この質問については、日本溶接協会編「接合・溶接技術Q&A1000」に示された以下の2問に関する解答を参照して回答します。
Q04-02-43
高張力鋼の溶接施工においてアークストライクやショートビードが問題とされる理由について教えてください。
Q02-02-01
高張力鋼の溶接構造物を組み立てる際のタック溶接(仮付け溶接)のビード長さを40〜50mmとし、それより短いビードのタック溶接をさける溶接施工基準が多いのはなぜですか。

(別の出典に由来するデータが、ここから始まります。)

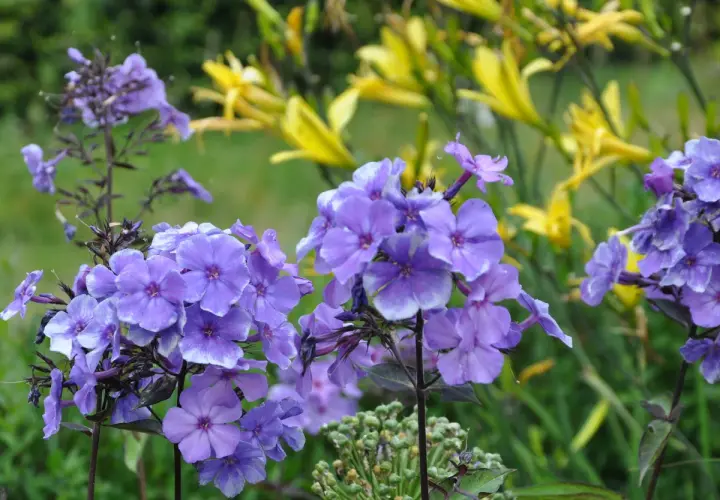 En klunga lila flox blommar vackert med vita kanter. Bakom syns gula blommor i en lummig trädgård.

ショートビードに明確な定義はないようですが、日本語に直すと「短いビード」となります。Q04の回答の図2は溶接ビード長さとHAZ最高硬さの関係です。Q02の回答での図1も同様です。この場合、使用鋼材は490N/mm2級鋼です。これらからビード長さが短くなるとHAZが硬化することがわかります。
アークストライクは、いわばスパークの跡ですので、ほとんどビード長さはありませんが極端に急冷され、硬化も激しいので微細な割れが発生することがあり、また、ショートビードでは、硬化の問題の他に溶接欠陥(ブローホール、割れなど)が入る可能性ということが問題となります。
溶接欠陥発生は溶接技能者の技量に左右されますが、硬さの問題は溶接技能とは関係ありませんので、適切なビード長さを確保することが重要となります。
JASS 6では、組立て溶接の最小ビード長さは、ショートビードとならないよう板厚により異なりますが、30mmあるいは40mmとしています。 Q04回答の図2は570N/mm2級、690N/mm2級などの建築鉄骨ではまず使用しない高強度の鋼材に関するデータですが、ビード長さ30mmの場合でもビッカース硬さが330程度です。
Q02回答の図1ではビード長さが30mm以下であると急激に硬さが上昇し割れ発生の危険度が高まるといえるので、この程度の長さで適切と考えます。
また、ビッカース硬さが350程度以上になると低温割れ(遅れ割れ)発生の危険性が高くなるといわれますので、この程度の長さ(30mmあるいは40mm以上)で適切と考えます。